* **ACTIVITY**
This task calls for the lines below starting at the one containing "Greetings From Baltimore Peninsula Tee" and ending at the one containing "Tradco Door Handle", repeated exactly with both ends kept and pictures left out.
(MATERIAL PROVIDED)
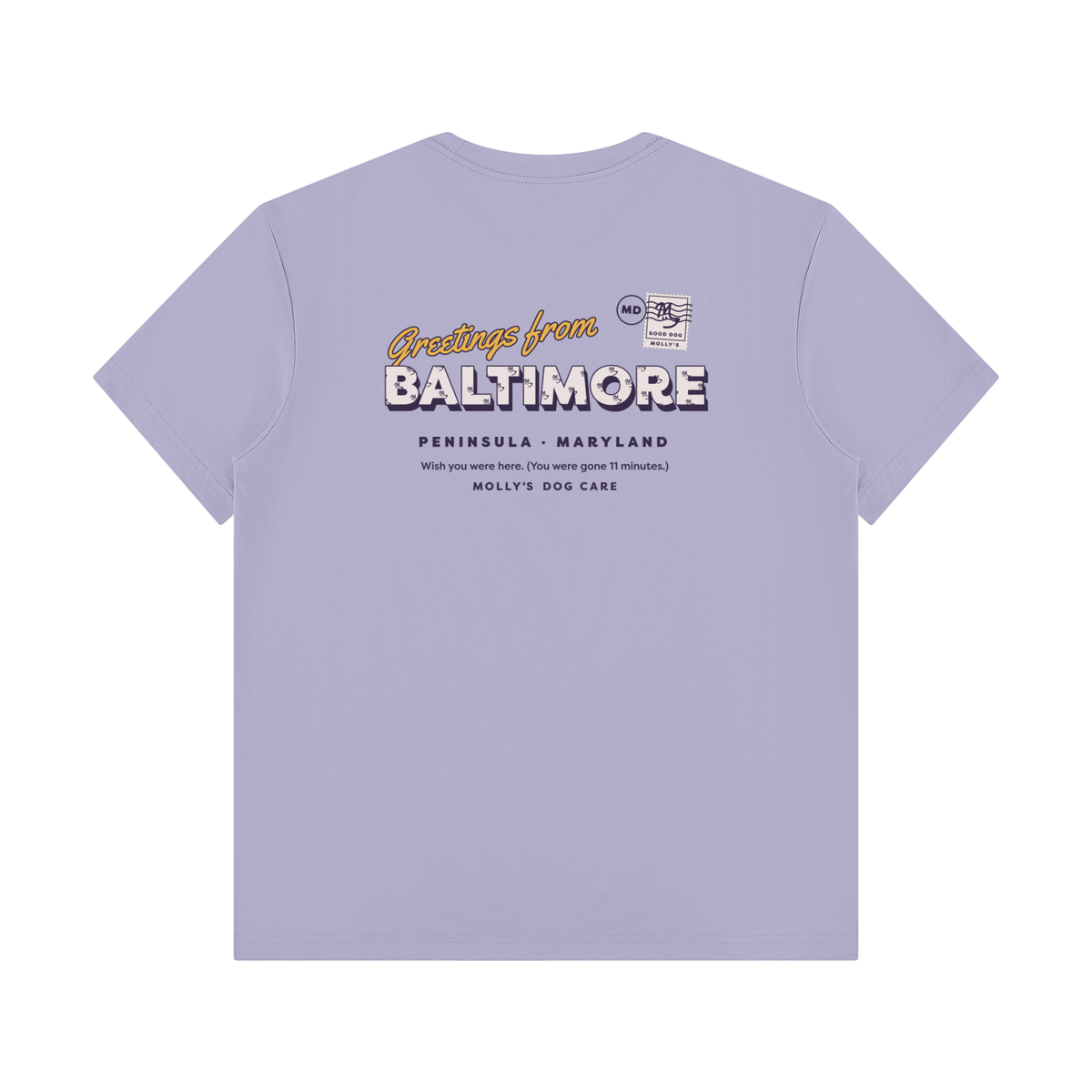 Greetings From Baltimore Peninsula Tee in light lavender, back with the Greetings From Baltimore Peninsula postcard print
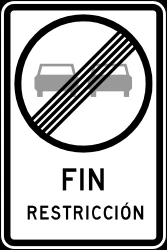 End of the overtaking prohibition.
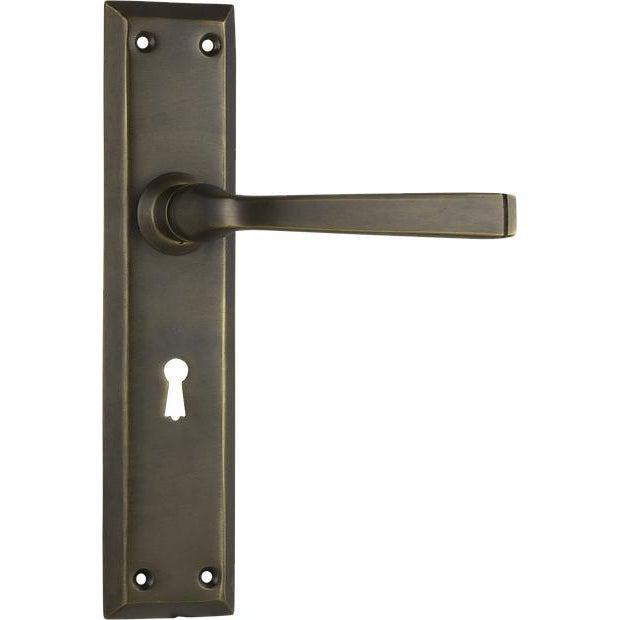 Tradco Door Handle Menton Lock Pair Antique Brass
(End MATERIAL PROVIDED)
(MATERIAL PROVIDED)
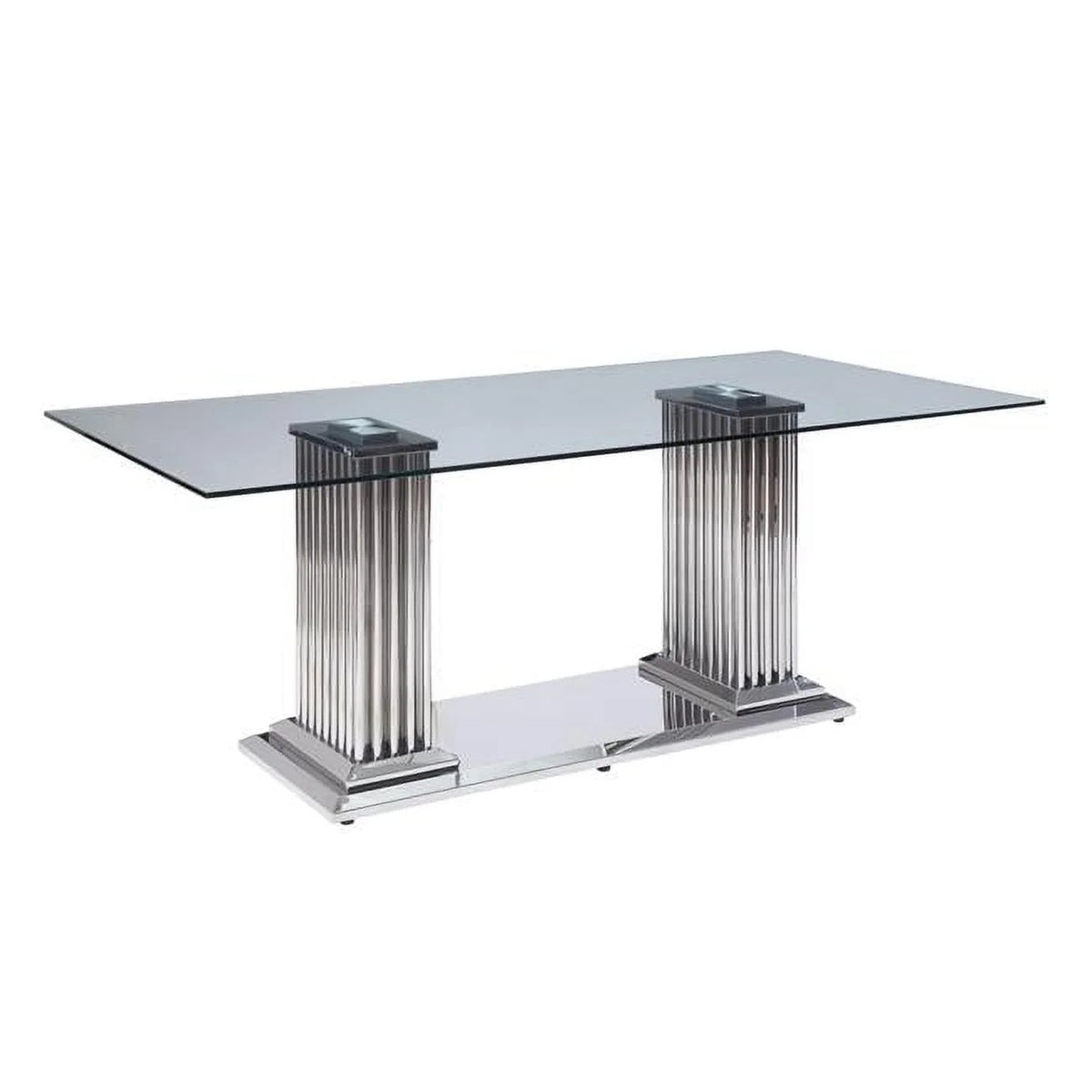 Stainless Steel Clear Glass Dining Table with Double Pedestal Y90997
(End MATERIAL PROVIDED)
* **TASK SOLUTION**
 Greetings From Baltimore Peninsula Tee in light lavender, back with the Greetings From Baltimore Peninsula postcard print
 End of the overtaking prohibition.
 Tradco Door Handle Menton Lock Pair Antique Brass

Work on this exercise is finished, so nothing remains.